Right in the first paragraph the AP announced it was “extraordinary” that Clinton met with 85 foundation donors during her nearly 50 months as secretary of state. But extraordinary compared to what? In order to prove that point, the AP needed to provide context to show how the figure was remarkable and out of the ordinary. But the AP never even tried.
Simple question: How many of those same foundation donors who met with Clinton also met with secretaries of state under the previous Republican administration?
The clear implication from the AP report was that Clinton donors bought access and favors. But if lots of those same donors gained access to President Bush’s State Department, the AP implication falls apart. Indeed, its entire investigation collapses. (Vox's Yglesias posted several examples where a Clinton donor featured by the AP met with key Republican officials over the years.)

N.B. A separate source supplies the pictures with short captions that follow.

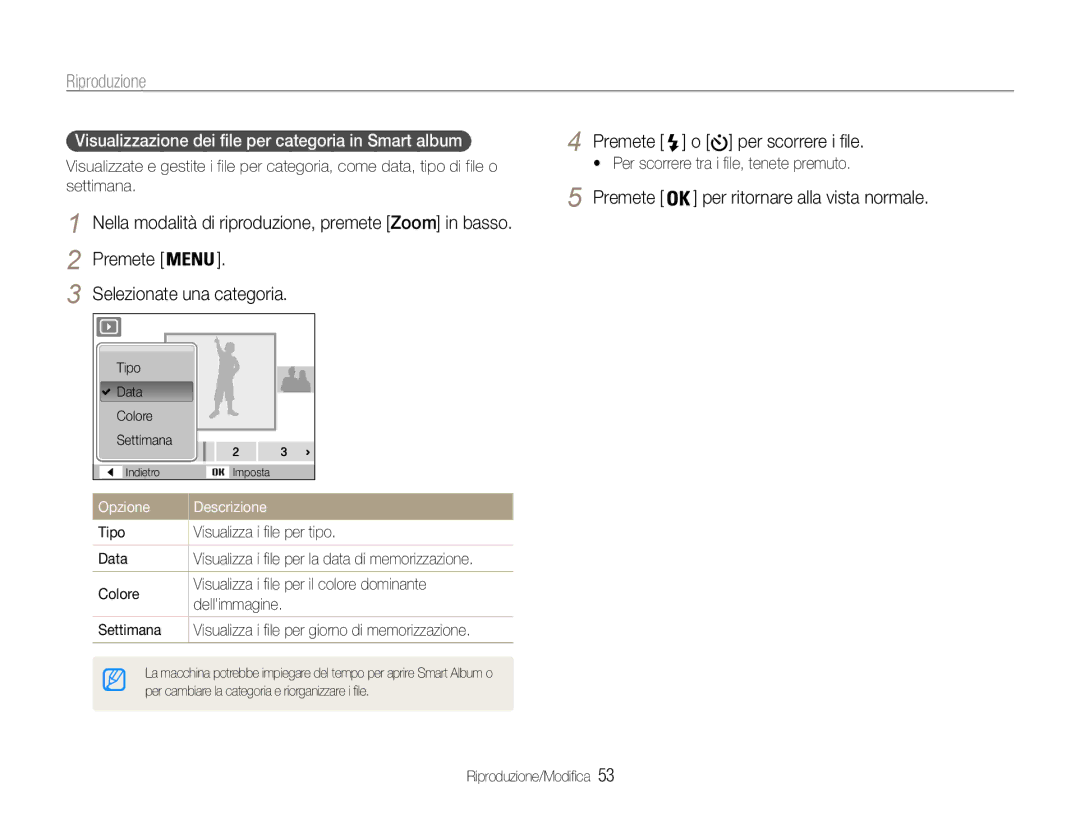 Samsung EC-ES30ZZBASGB, EC-ES30ZZBASE1 manual Riproduzione, Visualizzazione dei file per categoria in Smart album 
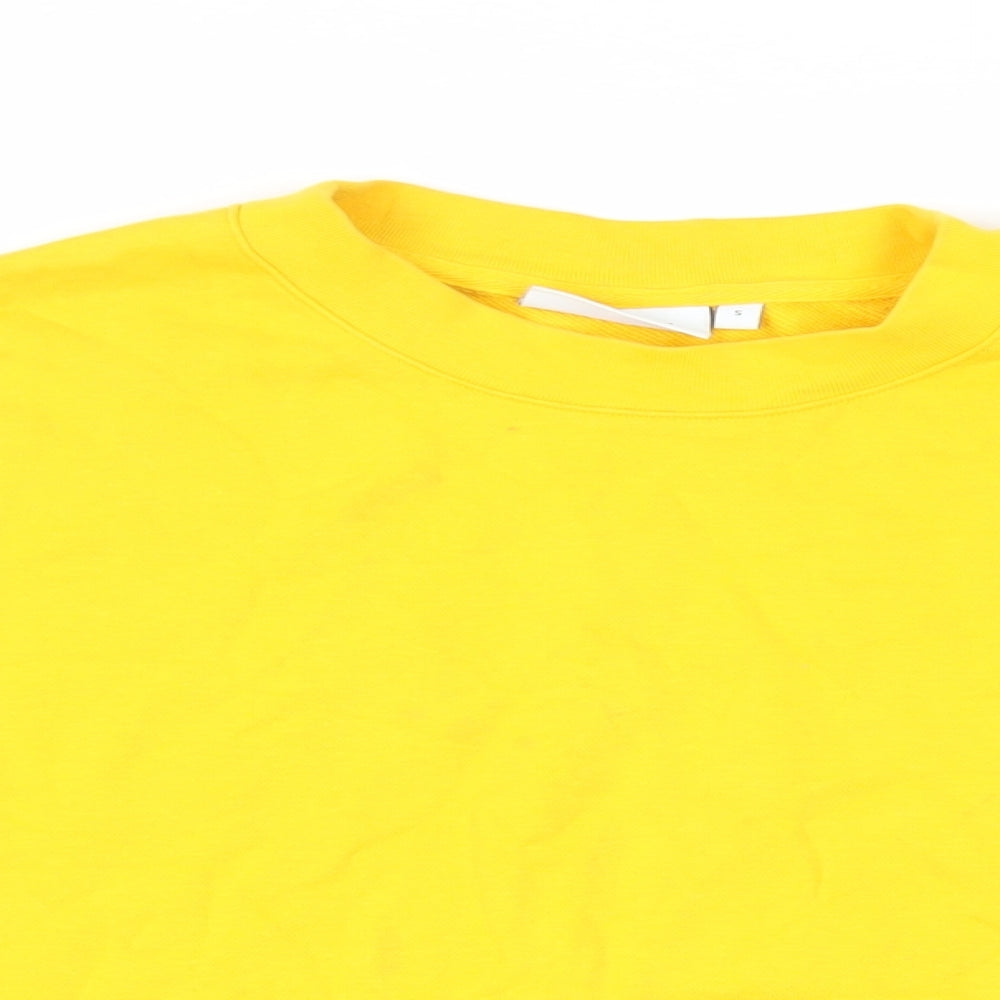 Weekday Womens Yellow Cotton Pullover Sweatshirt Size S Pullover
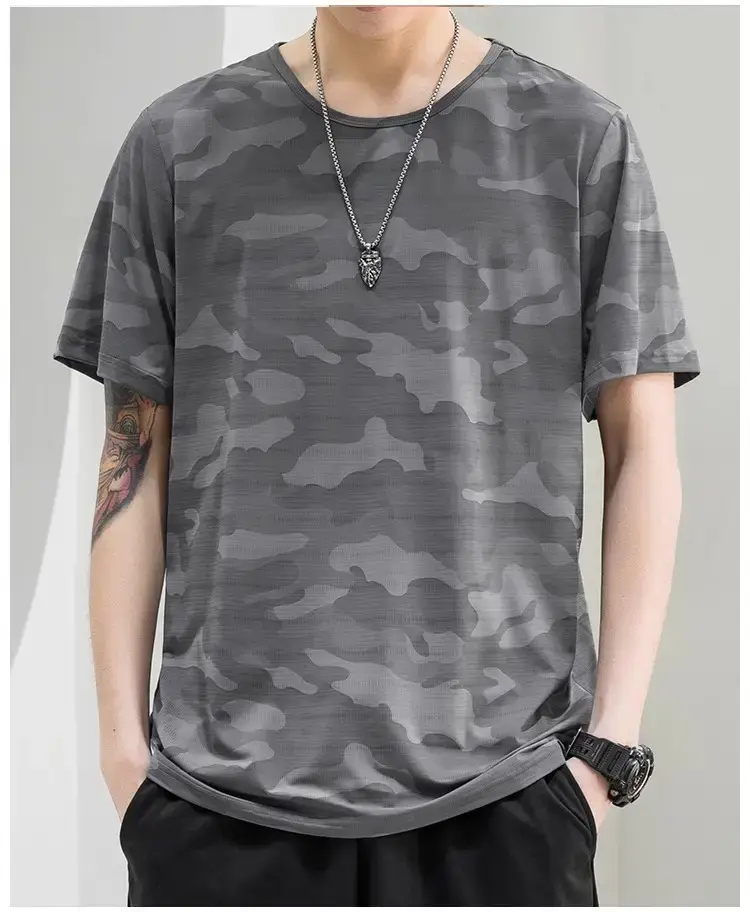 Men Camouflage T-Shirt Black Quick Dry — feature 39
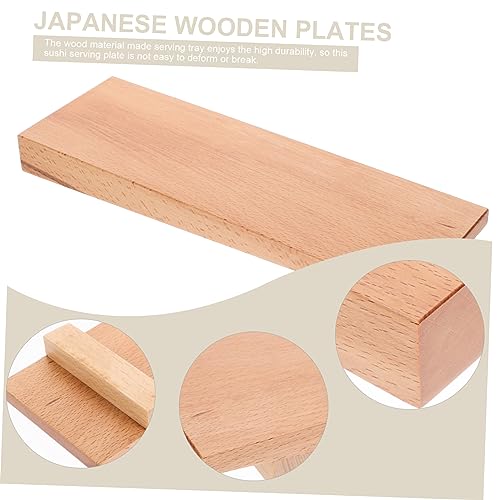 Bandeja de sushi creativa de madera para servir miniatura 6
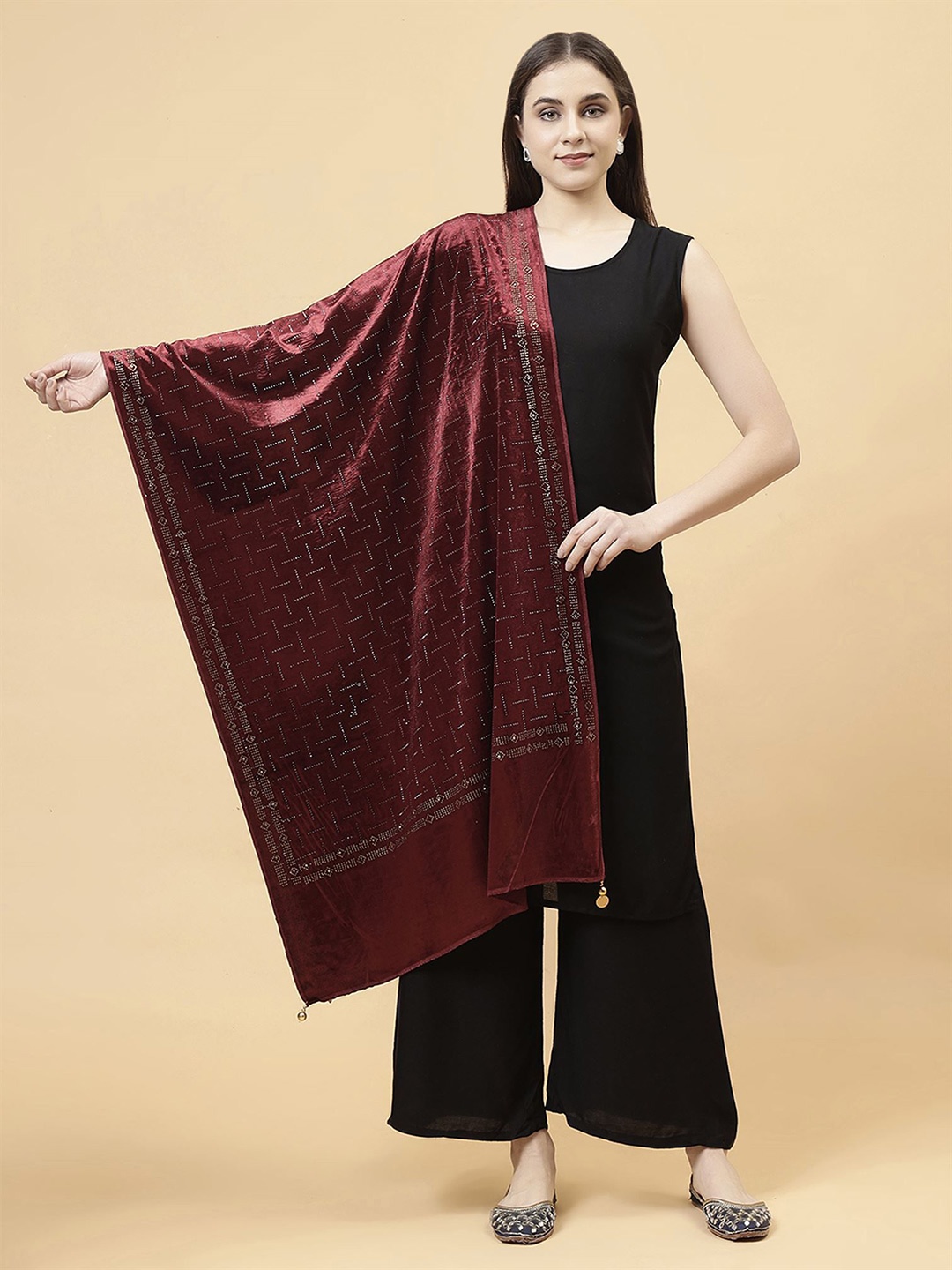 

Moda Chales Women Embroidered Stole, Maroon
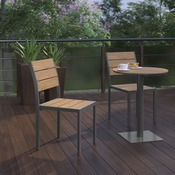 Finch Commercial Grade Armless Patio Chair, Stackable Side Chair with Faux Teak Poly Slats and Metal Frame, Natural/Gray, SB-CA108-NAT-GG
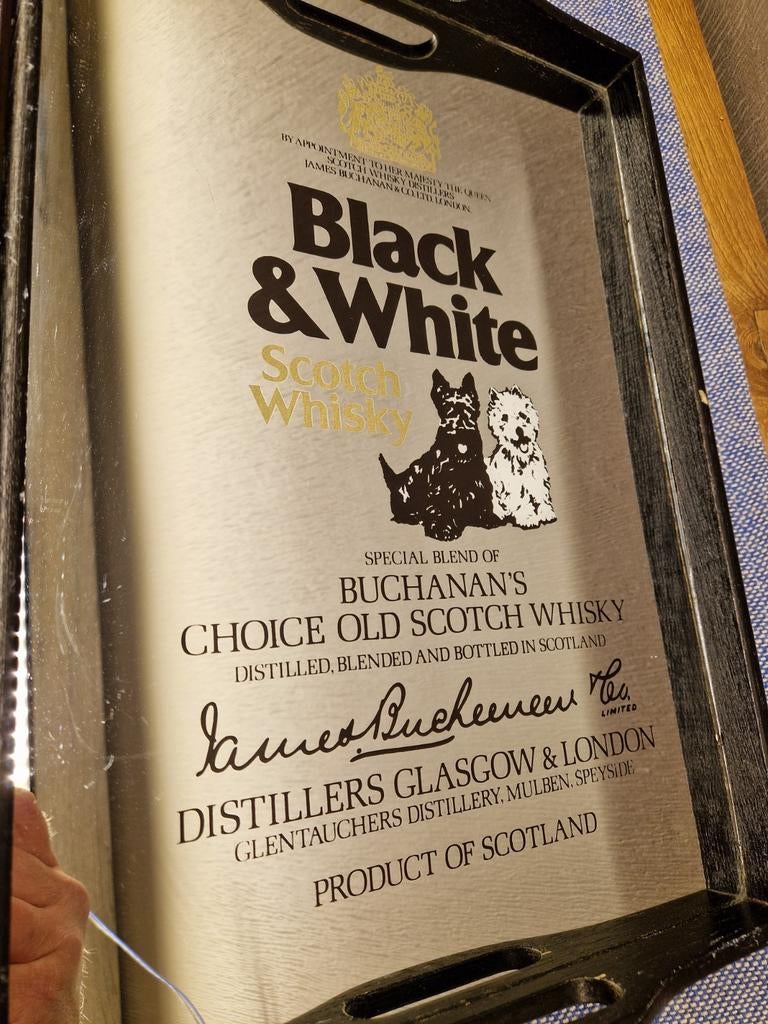 Vintage plateau met spiegel Black & White Scotch Whisky, Enlèvement ou Envoi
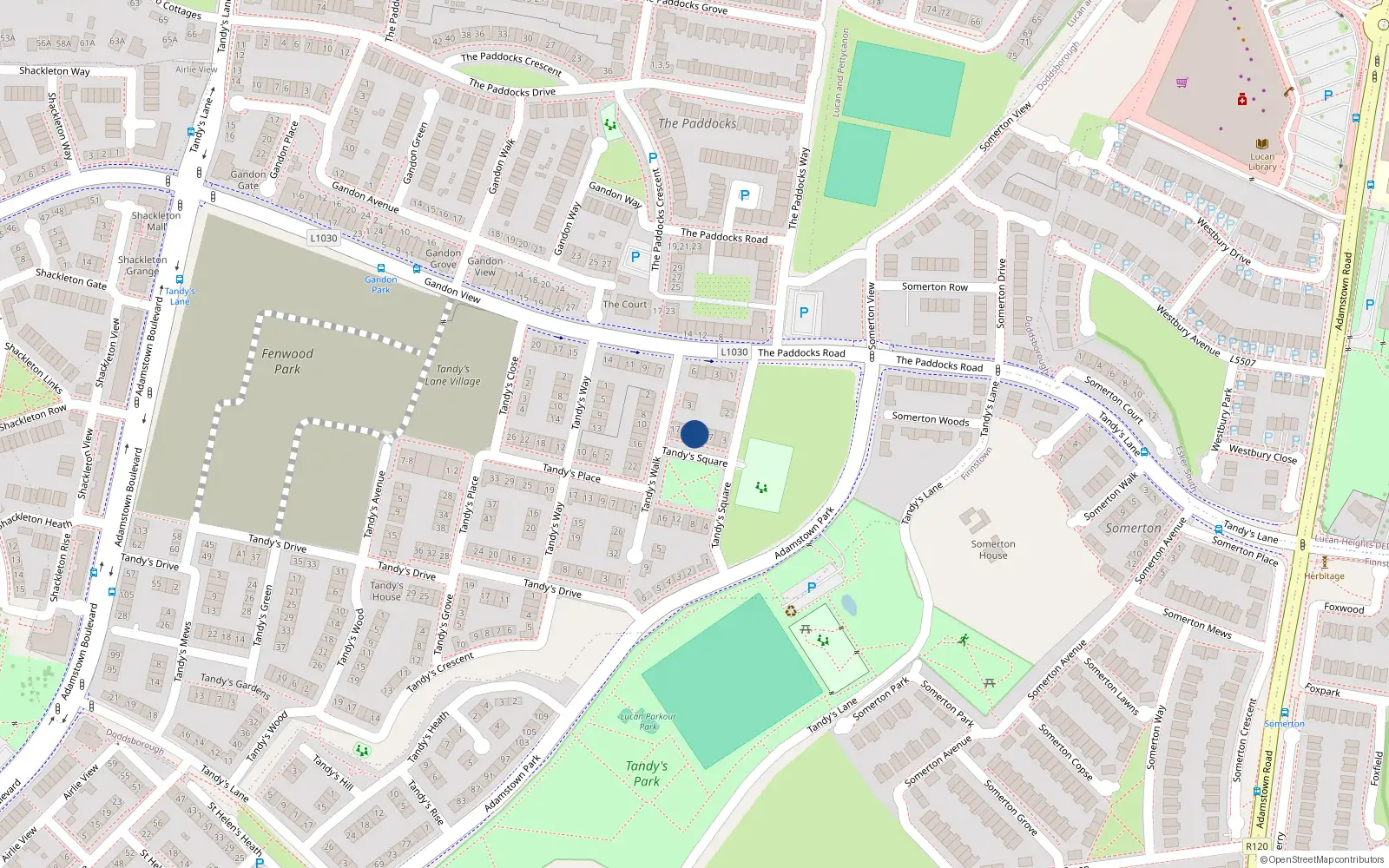 Overhead map showing the location of 11 Tandy's Square, Lucan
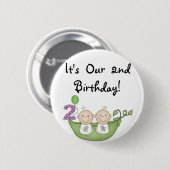 Twin Peas in a Pod 2nd誕生日Tシャツとギフト 缶バッジ (正面&裏面)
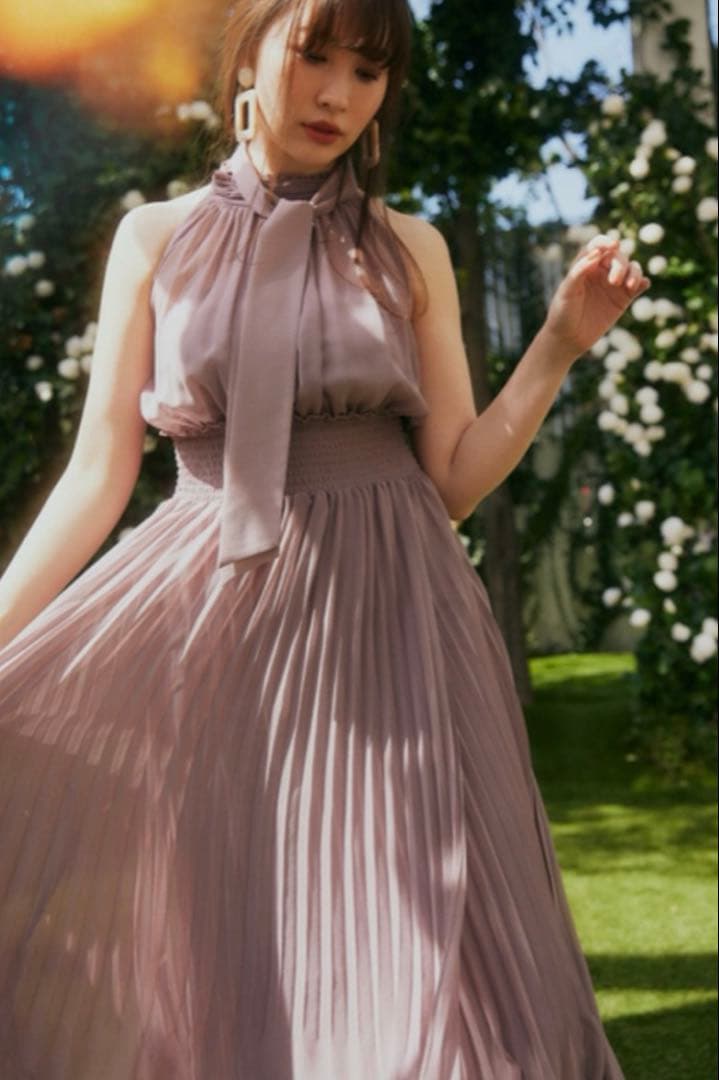 ワンピース Pleated Chiffon Ribbon Midi Dress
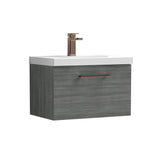 Wall Hung 1 Drawer Vanity Unit with Mid-Edge Ceramic Basin - Choice of Colour, Handle Finish and Size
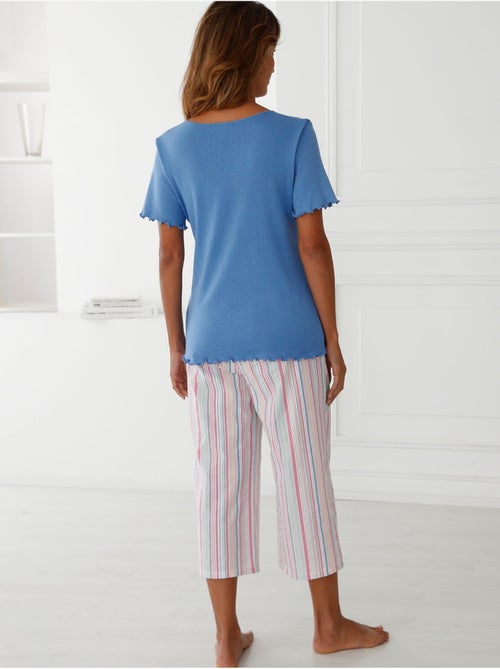 Pyjacourt femme maille et seersucker - DAXON - Kiabi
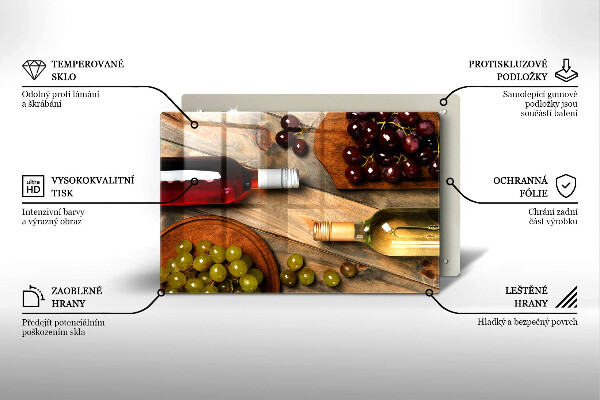Tabla de cortar de vidrio Botellas de vino y uvas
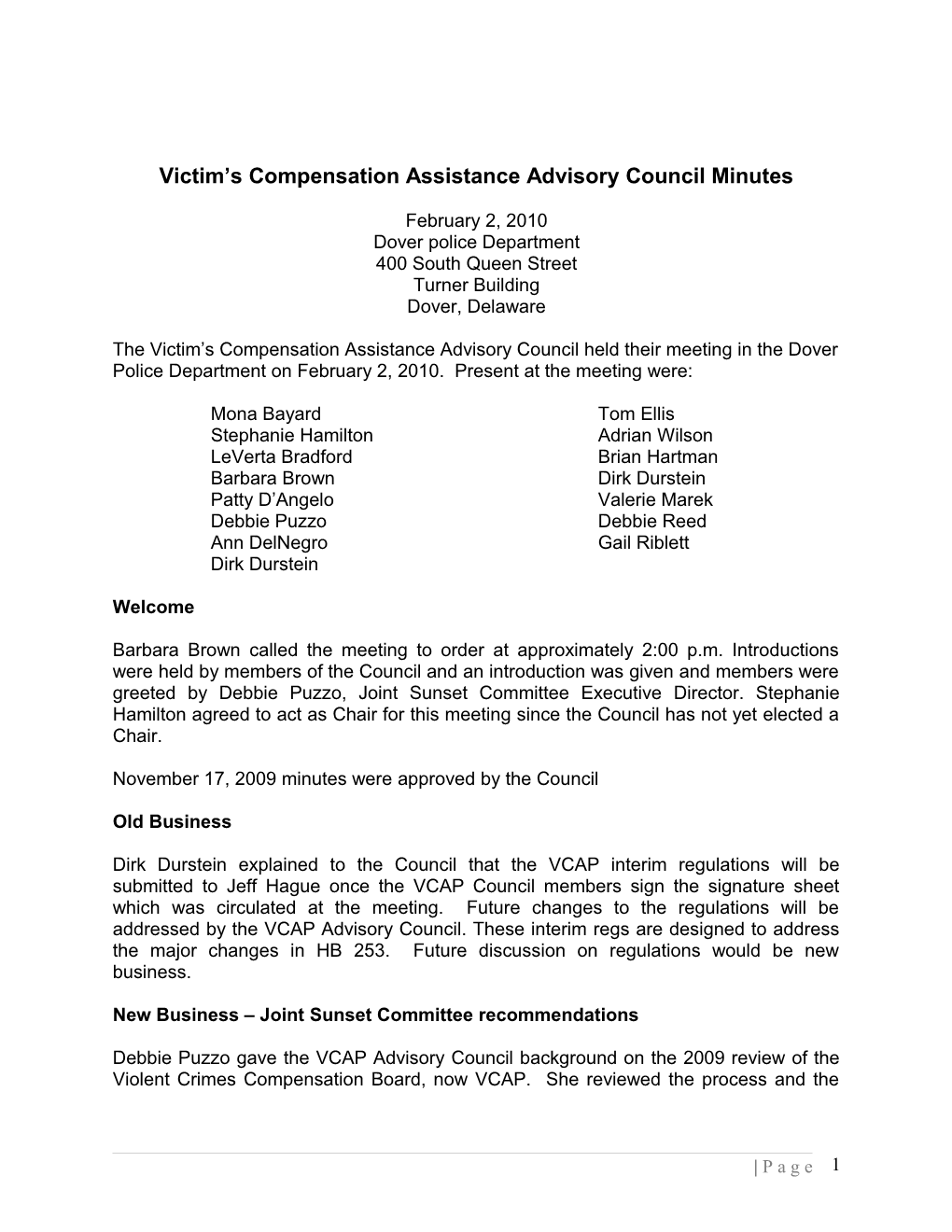 Victim S Compensation Assistance Advisory Council Minutes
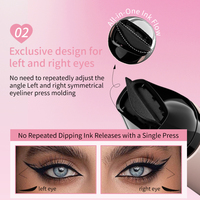 Crayon Eyeliner Liquide Noir Mat Minéral 2-en-1 Imperméable Longue Tenue Personnalisable Double Pointe Rotative avec Tampon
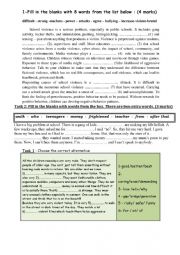 English Worksheet: language tasks about violence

Working hard to avoid crucial context, the AP presented almost laughably non-controversial examples to highlight what reporters suggested were key instances of how Clinton Foundation donors received special treatment at the State Department.
From the Washington Monthly’s Nancy LeTourneau on how “the AP blew their story” [emphasis added]:
In an attempt to provide an example of how this becomes an “optics” problem for Hillary Clinton, they focused much of the article on the fact that she met several times with Muhammad Yunus, a Clinton Foundation donor. In case you don’t recognize that name, he is an economist from Bangladesh who pioneered the concepts of microcredit and microfinance as a way to fight poverty, and founded Grameen Bank. For those efforts, Yunus won the Nobel Peace Prize in 2006, the United States Presidential Medal of Freedom in 2009 and the Congressional Gold Medal in 2010.
The connection the AP tries to make is that SoS Clinton met with Yunus because he was a Clinton Foundation donor. What they didn’t mention is that their relationship goes back over 30 years to the time Hillary (as first lady of Arkansas) heard about his work and brought him to her state to explore the possibility of implementing microfinance programs to assist the poor.
What a mess. And to think how many editors at the AP saw the donor investigation article before it was published and were unconcerned -- or unaware -- that they were deceiving their readers.
And now those same bosses don’t want the AP to be held accountable.